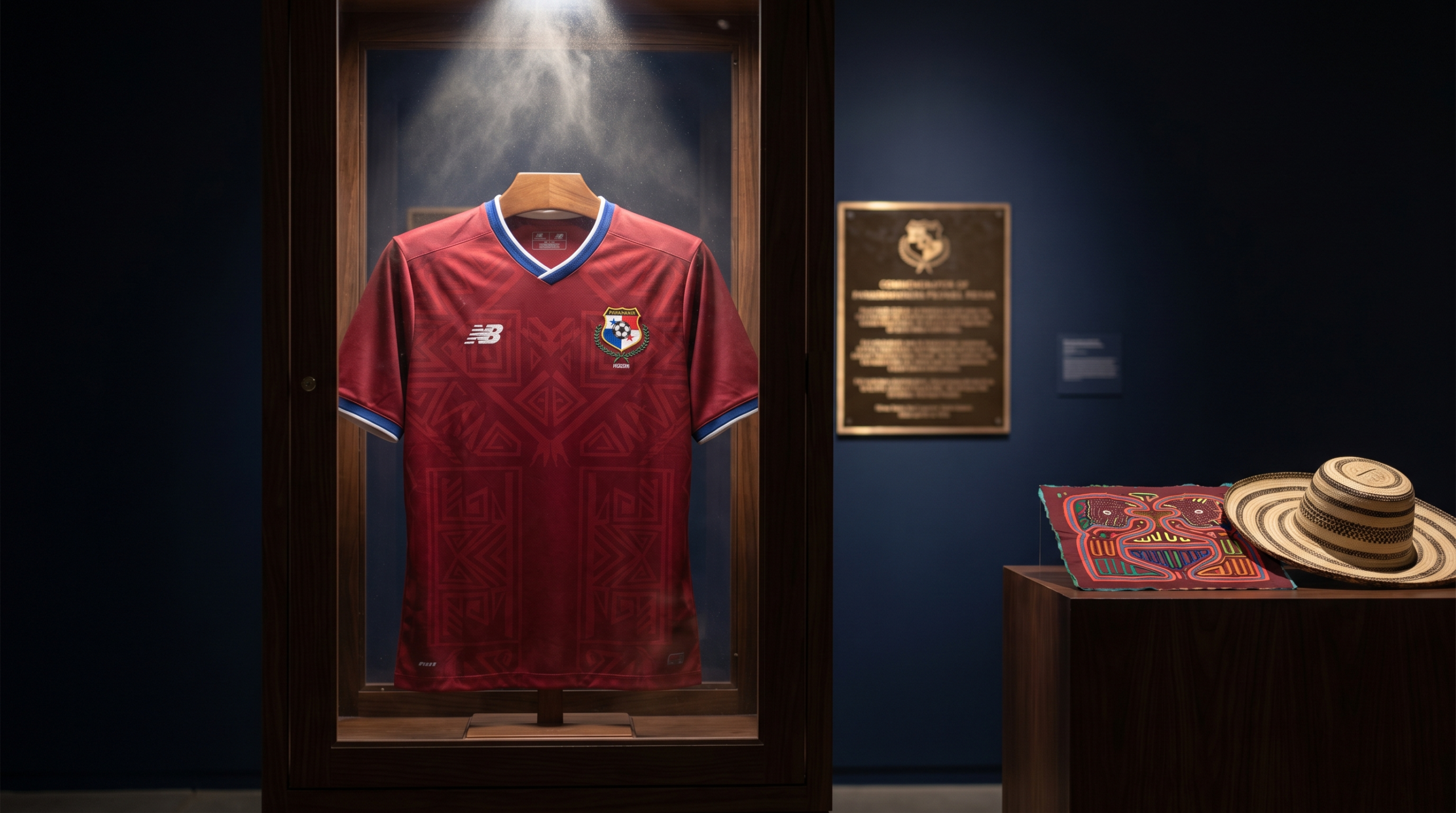 🇵🇦 Panama — La Marea Roja veut écrire l&rsquo;histoire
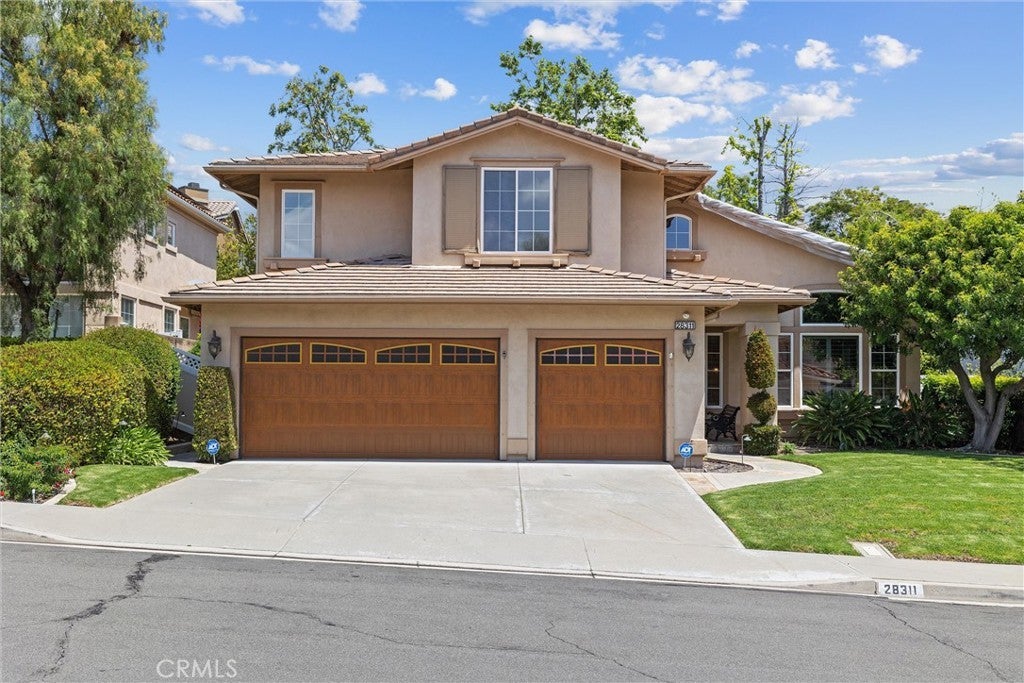 Photo of Listing #OC25080561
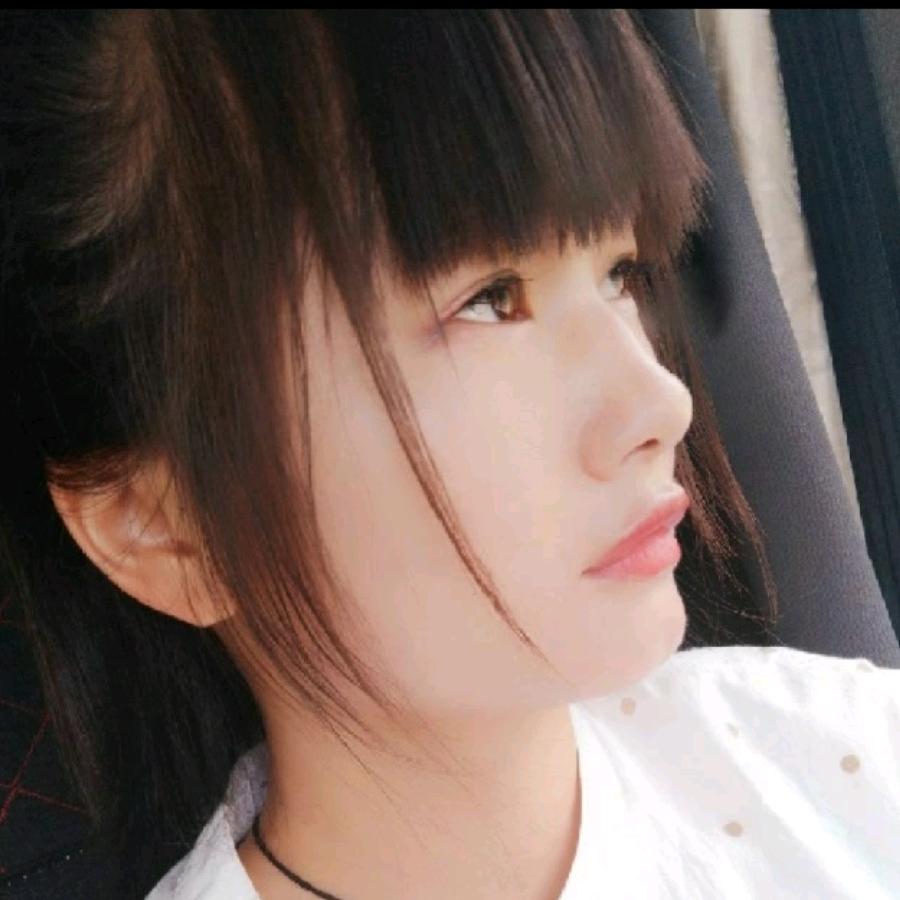 小雪儿💦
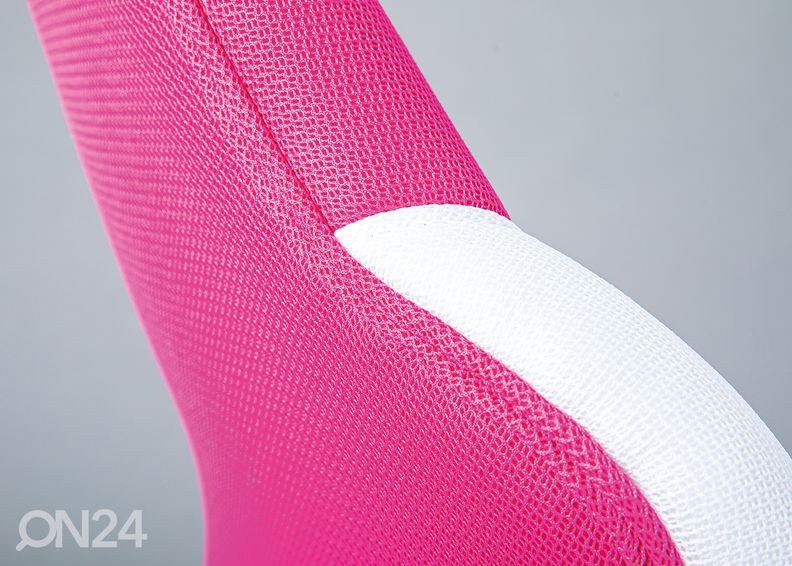 Työtuoli Jessi kuvasuurennos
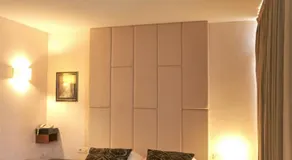 Hotel Consul - Image 2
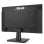 Monitor ASUS VA27EHF 27" Full HD 100Hz IPS 1ms Antirreflexo VESA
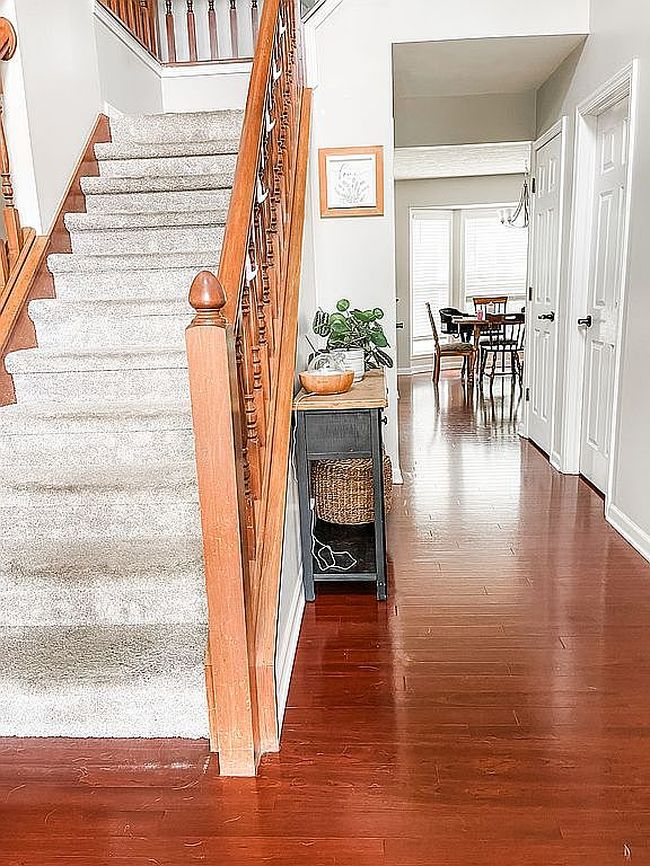 Photo of 10563 Greenway Dr, Fishers, IN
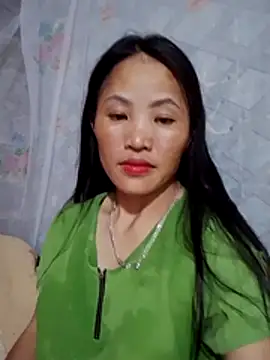 Snapshot of _Lyly_pussy_ chatting on April 2026 01:59:01 PM Lyly pussy online show from April 2026 01:59:01 PM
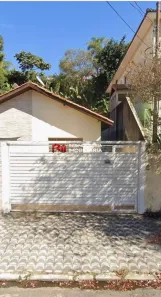 Casa com 2 Quartos à venda, 110m² no Nova Aldeinha/Aldeia, Barueri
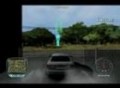 Test Drive Unlimited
──────────────────────────────
Action item = Without the pictures, return the records above exactly as given.

Answer box =
 🇵🇦 Panama — La Marea Roja veut écrire l&rsquo;histoire
 Photo of Listing #OC25080561
 小雪儿💦
 Työtuoli Jessi kuvasuurennos
 Hotel Consul - Image 2
 Monitor ASUS VA27EHF 27" Full HD 100Hz IPS 1ms Antirreflexo VESA
 Photo of 10563 Greenway Dr, Fishers, IN
 Snapshot of _Lyly_pussy_ chatting on April 2026 01:59:01 PM Lyly pussy online show from April 2026 01:59:01 PM
 Casa com 2 Quartos à venda, 110m² no Nova Aldeinha/Aldeia, Barueri
 Test Drive Unlimited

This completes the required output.